# Largest shirt size



## MAYNEMAG (Dec 22, 2007)

I am looking for oversized 100% polyester shirts,
If anyone can recommend a place I can get up to a 5x-6x shirt for dye sub, that would help greatly. I have a drag race team to do and one of the guys is fairly large but the biggest shirt size I have seen is 3x. Thanks in advance.


----------



## Uncle John (Mar 11, 2007)

Port and Company has sizes to 6XL in 16 colors.


----------



## chobay (Aug 4, 2009)

Uh, wow. Just wow...


----------



## MAYNEMAG (Dec 22, 2007)

Can you tell me which distributor sells them?


----------



## SweetExpression (Apr 22, 2009)

Check with Johnson Plastics. They carry Vapor up to 5XL. White or ash heather only above 3XL. I believe the minimum is 6 pieces for shirts bigger than 3XL. I haven't seen a 6XL 100 poly shirt yet.


----------



## effortless (Sep 27, 2007)

San Mar is Port and Co.


----------



## Uncle John (Mar 11, 2007)

You can googlr it and here's a link, hope it helps.

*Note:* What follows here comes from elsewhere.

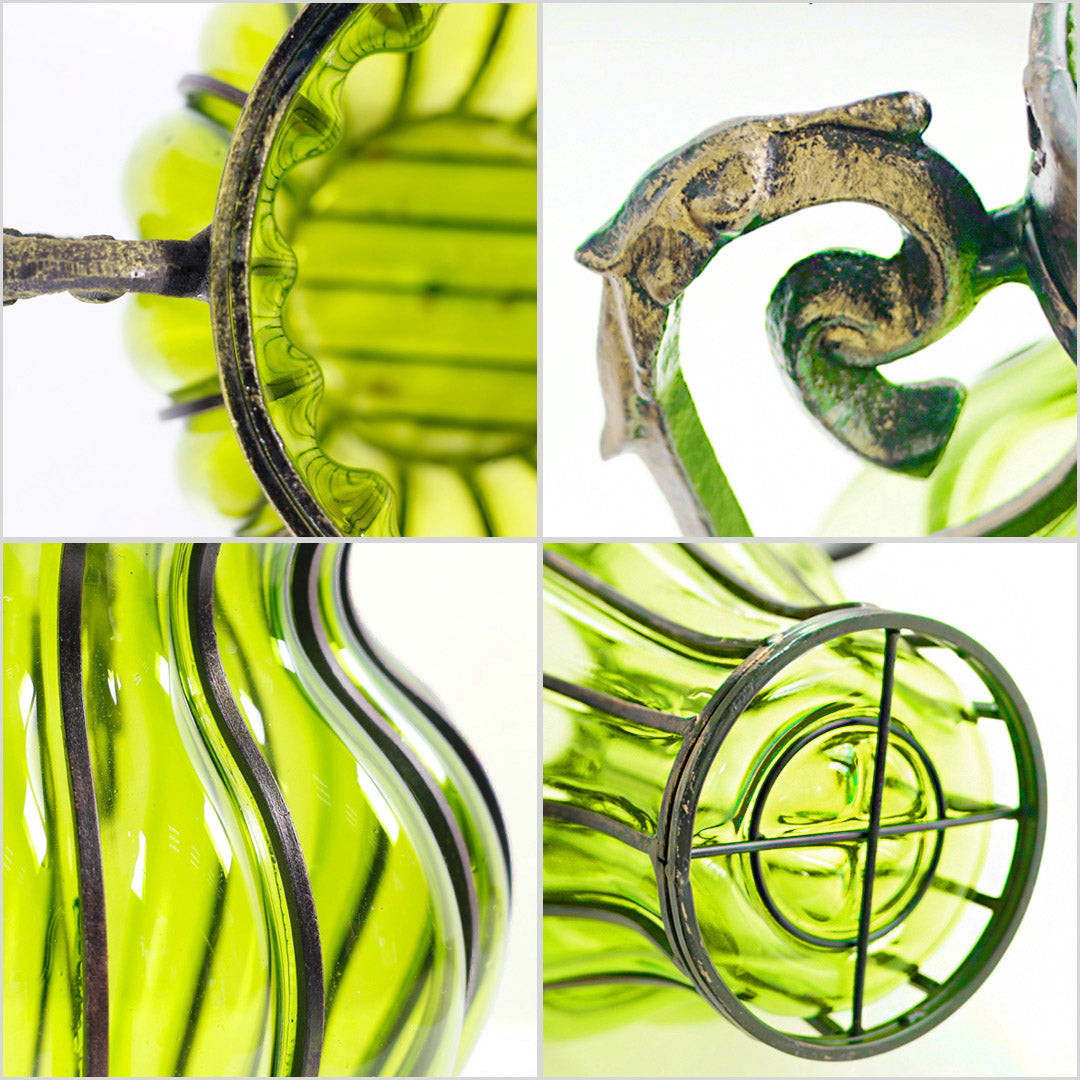 Green Glass Flower Vase with 10 Bunch 6 Heads Artificial Silk Rose Set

sanmar distributors - Google Search


----------



## Tony_Sunshine (Dec 10, 2009)

Colorado Timberline has up to 6XL.

Colorado Timberline -


----------



## freebird1963 (Jan 21, 2007)

Tony_Sunshine said:


> Colorado Timberline has up to 6XL.
> 
> Colorado Timberline -


 
Tony
have you used their shirts ? got a cost ? I don't want to sign up for a new account just to get pricing.

thanks
Mark


----------